Previously we were only dealing with error terms from one unit. Now, in the weight update, we have to consider the error for each unit in the hidden layer, $\delta_j$

$\Delta w_{ij} = \eta\delta_jx_{i}$

Steps: 
1. Calculate networks output error
2. Calculate networks output error term
3. Backpropragate to calculate the hidden later error term
4. Calculate the change in weights that are required from backpropragation

In [58]:
x = np.array([0.5, 0.1, -0.2])
target = 0.6
learnrate = 0.5

# Weights of input hidden are [3x2]
weights_input_hidden = np.array([[0.5, -0.6],
                                 [0.1, -0.2],
                                 [0.1, 0.7]])
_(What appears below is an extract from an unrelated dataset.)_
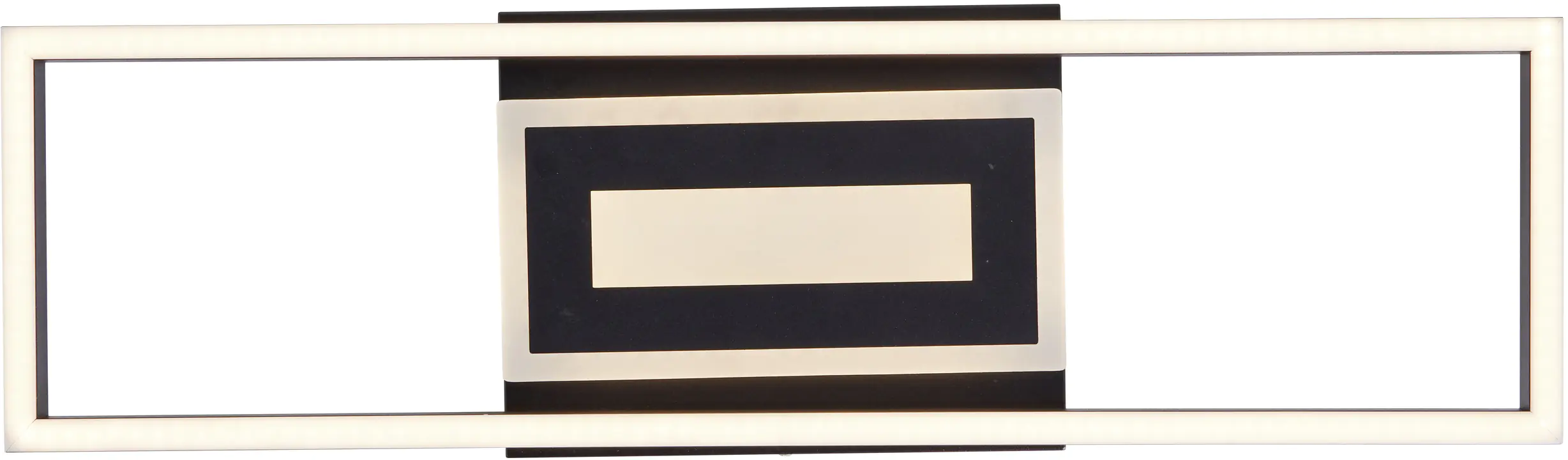 Brilliant Leuchten LED Deckenleuchte Besson 24W, warmweiß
weights_hidden_output = np.array([0.1, -0.3])

#Foward Pass 
hidden_layer_input = np.dot(x,weights_input_hidden) #[1x3] dot [3x2] = [1x2]
print("hidden layer input:\n", hidden_layer_input)

hidden_layer_output = sigmoid(hidden_layer_input)
print("hidden layer output:\n", hidden_layer_output) 

#[1x2] dot [1x2] = [1]
output_layer_in = np.dot(hidden_layer_output, weights_hidden_output)
print("output layer input:\n", output_layer_in)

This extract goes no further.